─── SOURCE INFORMATION ───

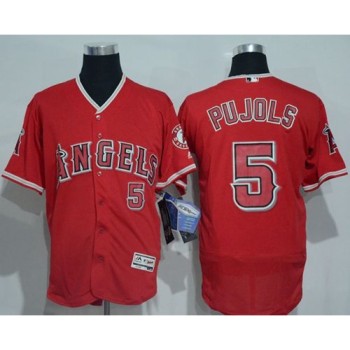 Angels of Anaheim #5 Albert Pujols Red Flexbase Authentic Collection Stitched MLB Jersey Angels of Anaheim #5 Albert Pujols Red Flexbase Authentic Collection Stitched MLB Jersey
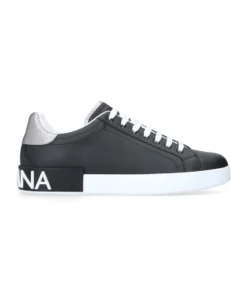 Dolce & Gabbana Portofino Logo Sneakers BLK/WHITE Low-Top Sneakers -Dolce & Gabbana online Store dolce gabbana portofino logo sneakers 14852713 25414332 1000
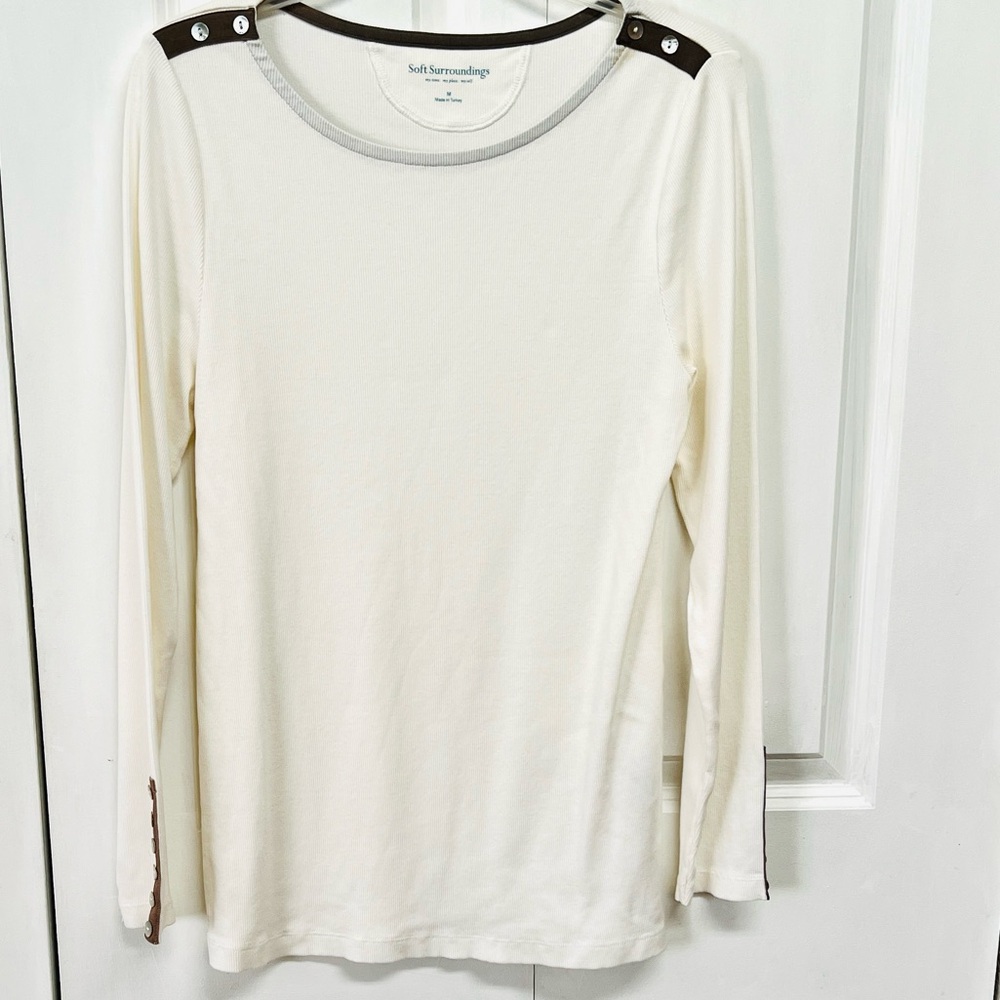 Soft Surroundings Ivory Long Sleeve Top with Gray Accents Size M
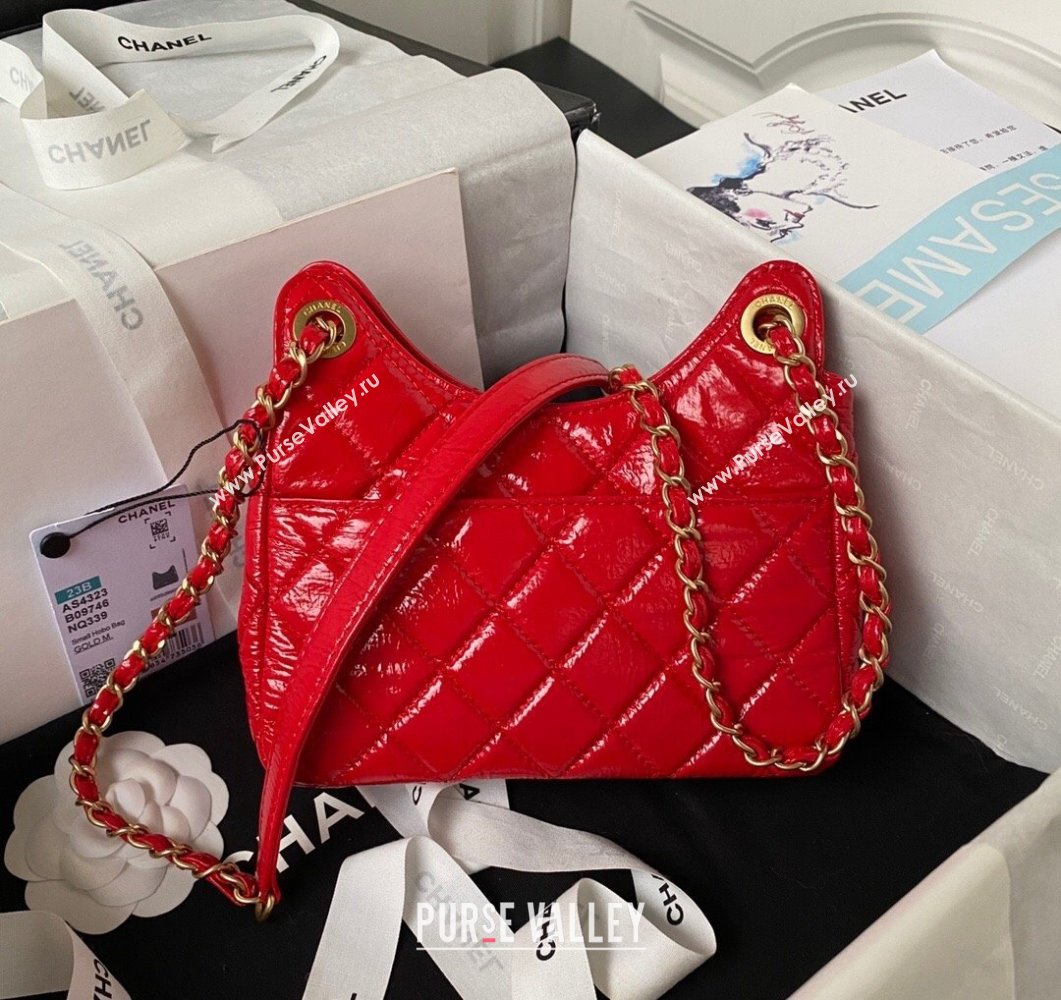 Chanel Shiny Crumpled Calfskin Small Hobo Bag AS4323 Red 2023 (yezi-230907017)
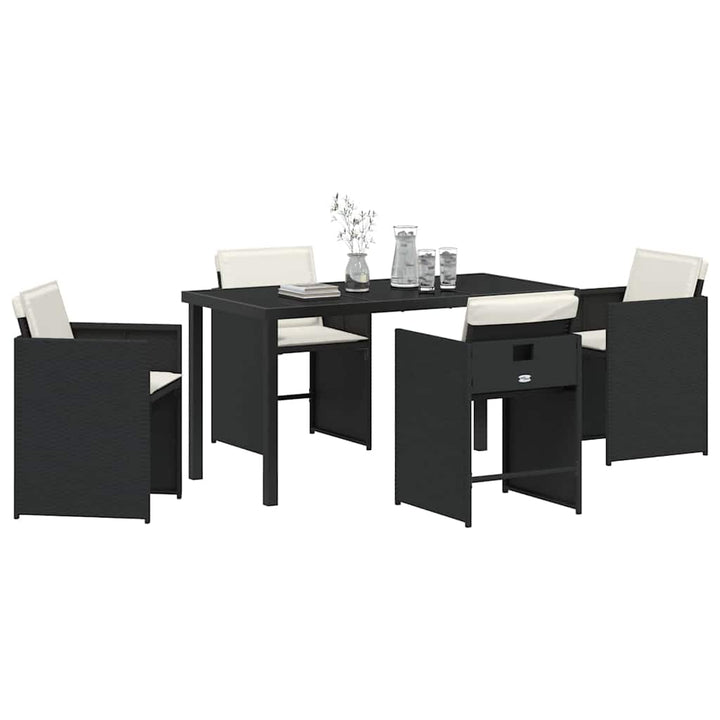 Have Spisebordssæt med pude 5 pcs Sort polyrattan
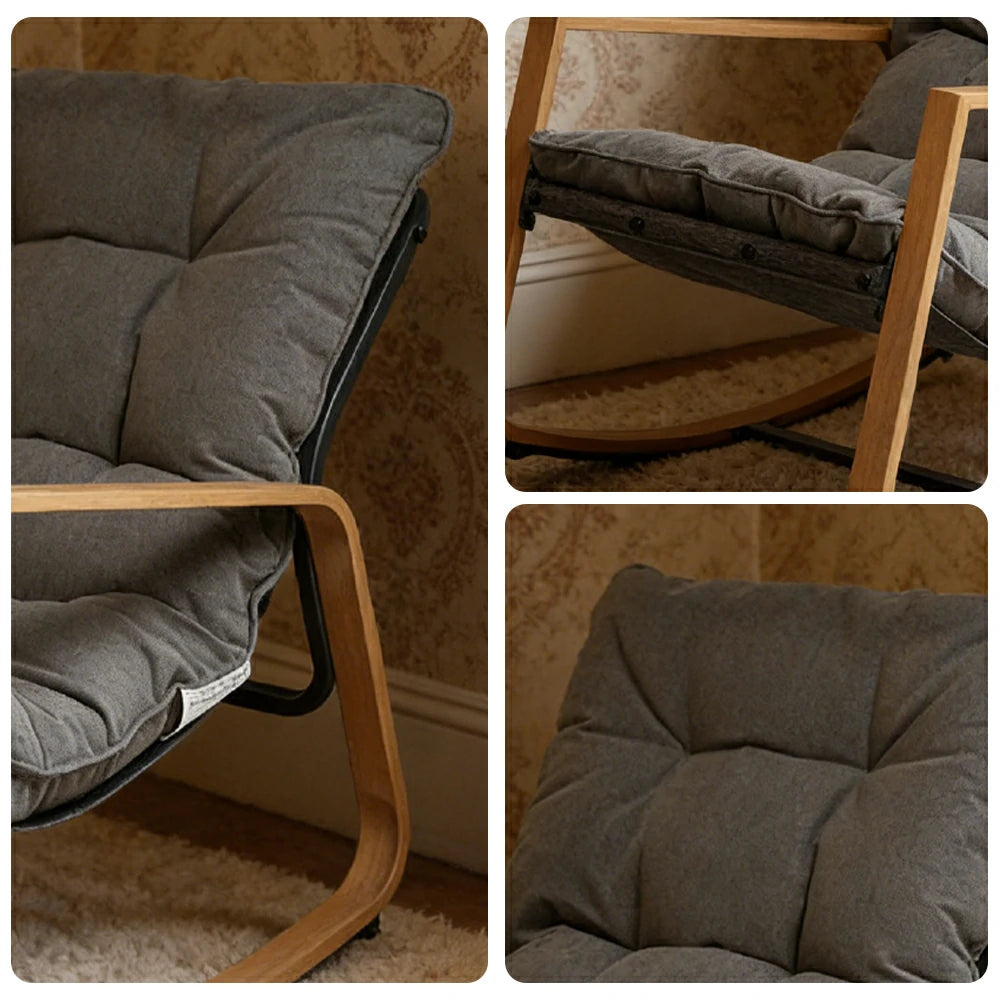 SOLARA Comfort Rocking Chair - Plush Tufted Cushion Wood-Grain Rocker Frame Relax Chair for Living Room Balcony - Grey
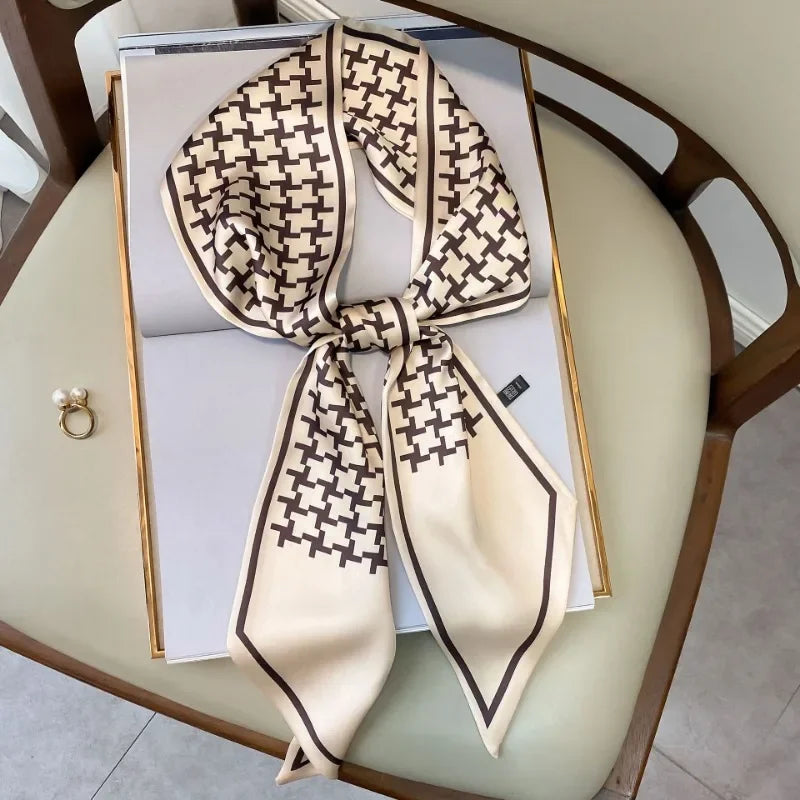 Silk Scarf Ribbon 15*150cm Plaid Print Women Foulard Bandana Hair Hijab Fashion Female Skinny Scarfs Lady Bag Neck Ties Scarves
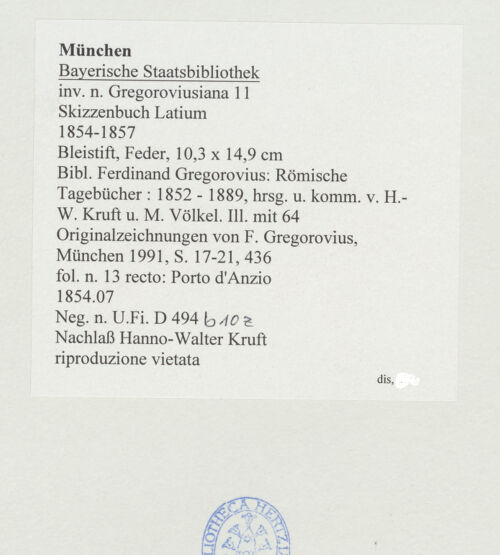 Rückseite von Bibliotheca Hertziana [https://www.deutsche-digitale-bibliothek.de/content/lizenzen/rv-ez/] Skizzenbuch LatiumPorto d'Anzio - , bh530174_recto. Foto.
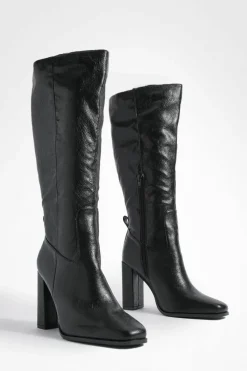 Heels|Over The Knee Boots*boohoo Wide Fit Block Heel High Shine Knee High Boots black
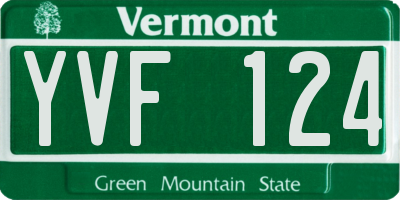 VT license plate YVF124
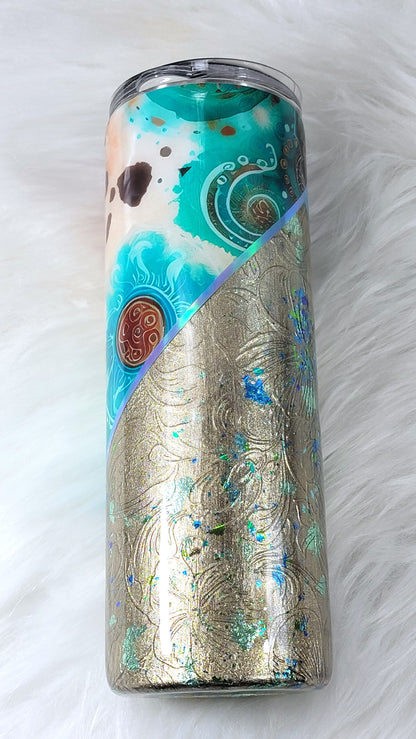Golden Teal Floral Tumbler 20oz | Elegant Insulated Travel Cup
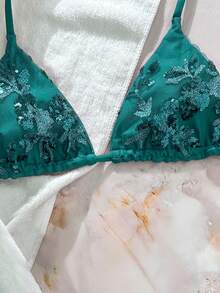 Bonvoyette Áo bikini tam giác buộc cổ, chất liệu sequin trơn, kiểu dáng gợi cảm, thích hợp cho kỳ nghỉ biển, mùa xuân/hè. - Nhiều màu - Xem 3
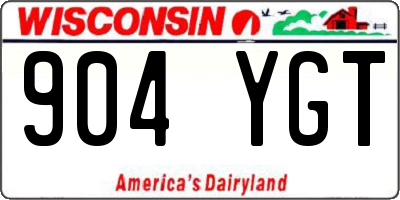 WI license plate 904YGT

───

### YOUR OBJECTIVE
With the pictures left out, copy exactly the lines above from the line containing "Silk Scarf Ribbon" through the last line of the entries.

### RESULT
 Silk Scarf Ribbon 15*150cm Plaid Print Women Foulard Bandana Hair Hijab Fashion Female Skinny Scarfs Lady Bag Neck Ties Scarves
 Rückseite von Bibliotheca Hertziana [https://www.deutsche-digitale-bibliothek.de/content/lizenzen/rv-ez/] Skizzenbuch LatiumPorto d'Anzio - , bh530174_recto. Foto.
 Heels|Over The Knee Boots*boohoo Wide Fit Block Heel High Shine Knee High Boots black
 VT license plate YVF124
Golden Teal Floral Tumbler 20oz | Elegant Insulated Travel Cup
 Bonvoyette Áo bikini tam giác buộc cổ, chất liệu sequin trơn, kiểu dáng gợi cảm, thích hợp cho kỳ nghỉ biển, mùa xuân/hè. - Nhiều màu - Xem 3
 WI license plate 904YGT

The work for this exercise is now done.